Exploring the quantum critical point
Researchers using the HP-CAT 16-ID-B beamline at the APS are investigating the effects of the QCP on the crystal structure of the Yb valence of YbFe2Ge2. The quantum critical point (QCP) is a strong quantum fluctuation that gives rise to unusual, or non-Fermi, liquid temperature dependencies of physical properties. To explore the origin of QCP, the interplay between crystal structure and valence as a function of pressure is important.
High-pressure resonant x-ray emission spectroscopy and x-ray diffraction experiments on YbFe2Ge2 show a pressure-induced valence change under compression. Yb valence becomes nearly trivalent at ∼9 GPa.

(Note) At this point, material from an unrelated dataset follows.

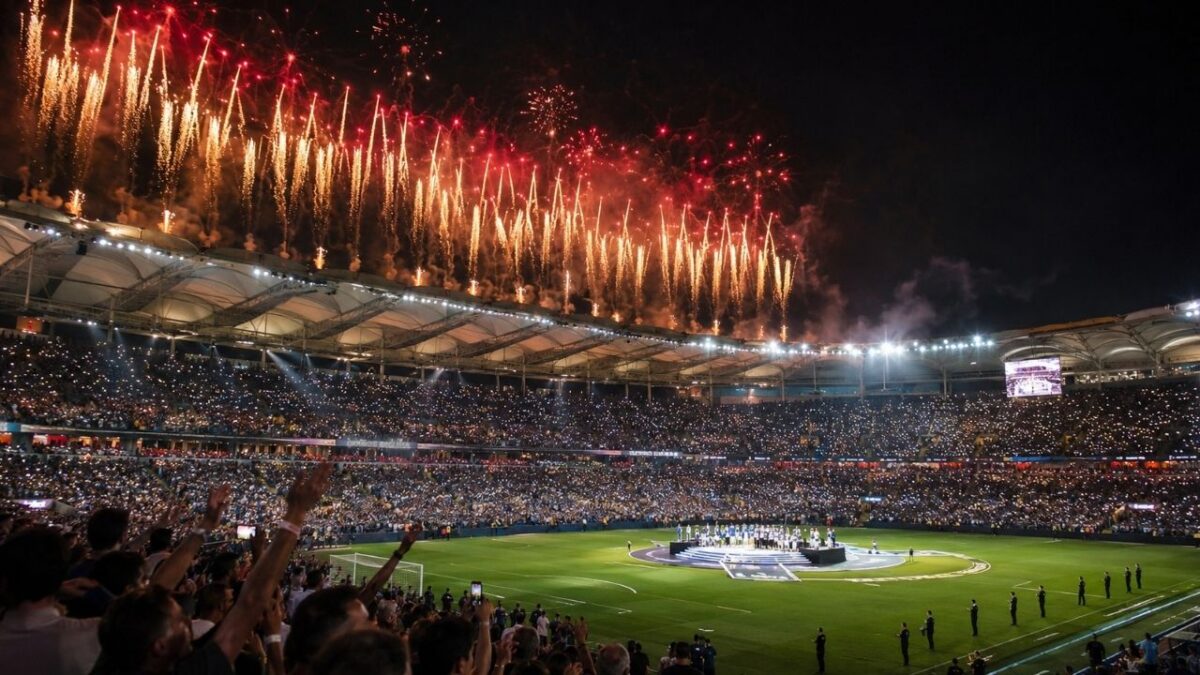 événement sportif feux artifice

The crystal structure and the Yb valence of the YbFe2Ge2 heavy fermion compound was measured at room temperature and under high pressures using high-pressure powder X-ray diffraction and X-ray absorption spectroscopy via both partial fluorescence yield and resonant inelastic X-ray emission techniques. The measurements are complemented by first-principles density functional theoretical calculations using the self-interaction corrected local spin density approximation investigating in particular the magnetic structure and the Yb valence. While the ThCr2Si2-type tetragonal (I4/mmm) structure is stable up to 53 GPa, the X-ray emission results show an increase of the Yb valence from v = 2.72(2) at ambient pressure to v = 2.93(3) at ∼9 GPa, where at low temperature a pressure-induced quantum critical state was reported.

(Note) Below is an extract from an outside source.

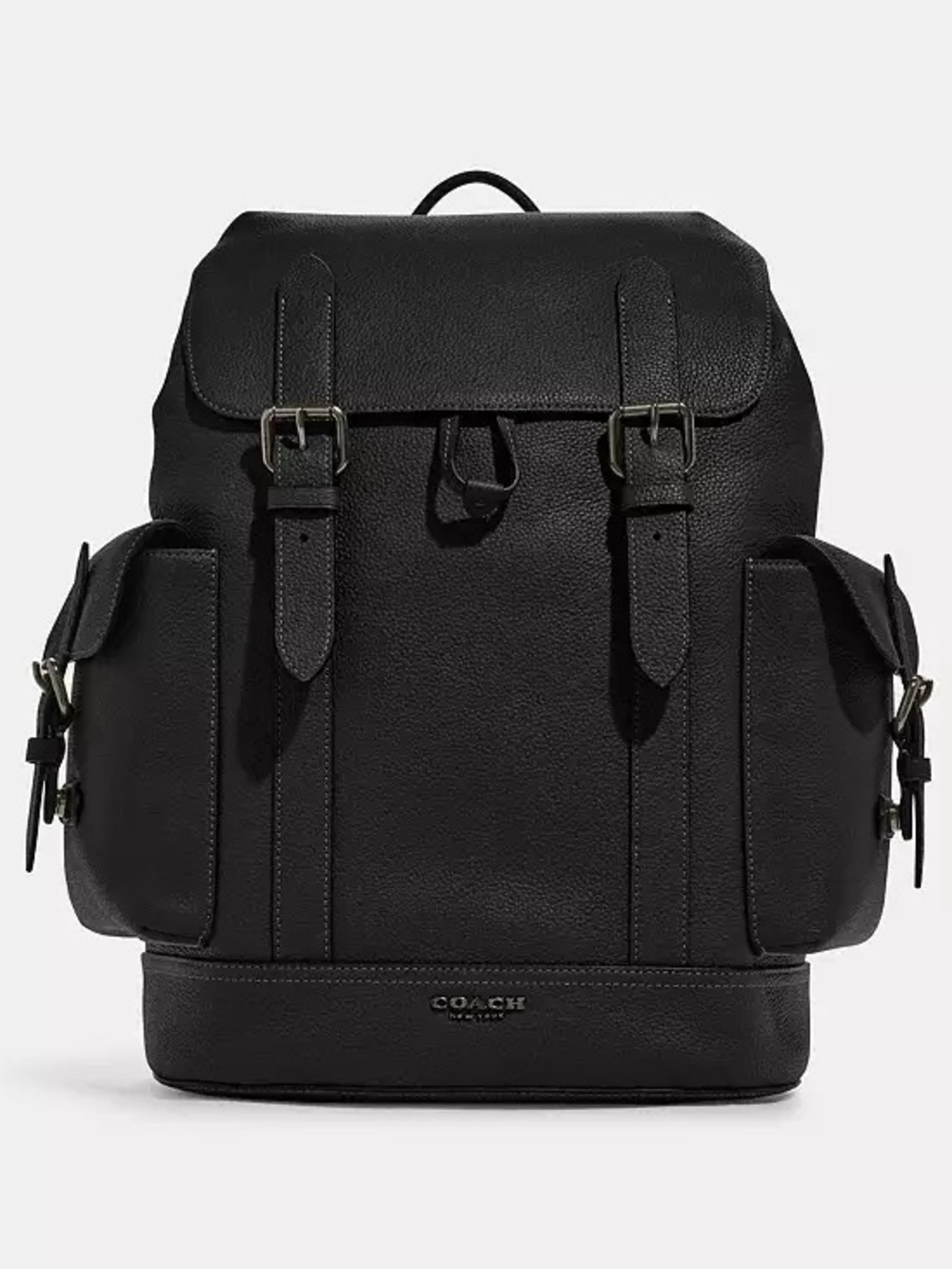 Coach Hudson Backpack CB837 Black Pebble Leather Bucket Drawstring Mens Commute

Ravhi S. Kumar, Axel Svane, Ganapathy Vaitheeswaran, Venkatakrishnan Kanchana, Daniel Antonio, Andrew L. Cornelius, Eric D. Bauer, Yuming Xiao and Paul Chow, “Effect of Pressure on Valence and Structural Properties of YbFe2Ge2 Heavy Fermion Compound—A Combined Inelastic X-ray Spectroscopy, X-ray Diffraction, and Theoretical Investigation,” Inorganic Chemistry, Article ASAP, DOI: 10.1021/acs.inorgchem.5b01534, Published Online October 19, 2015.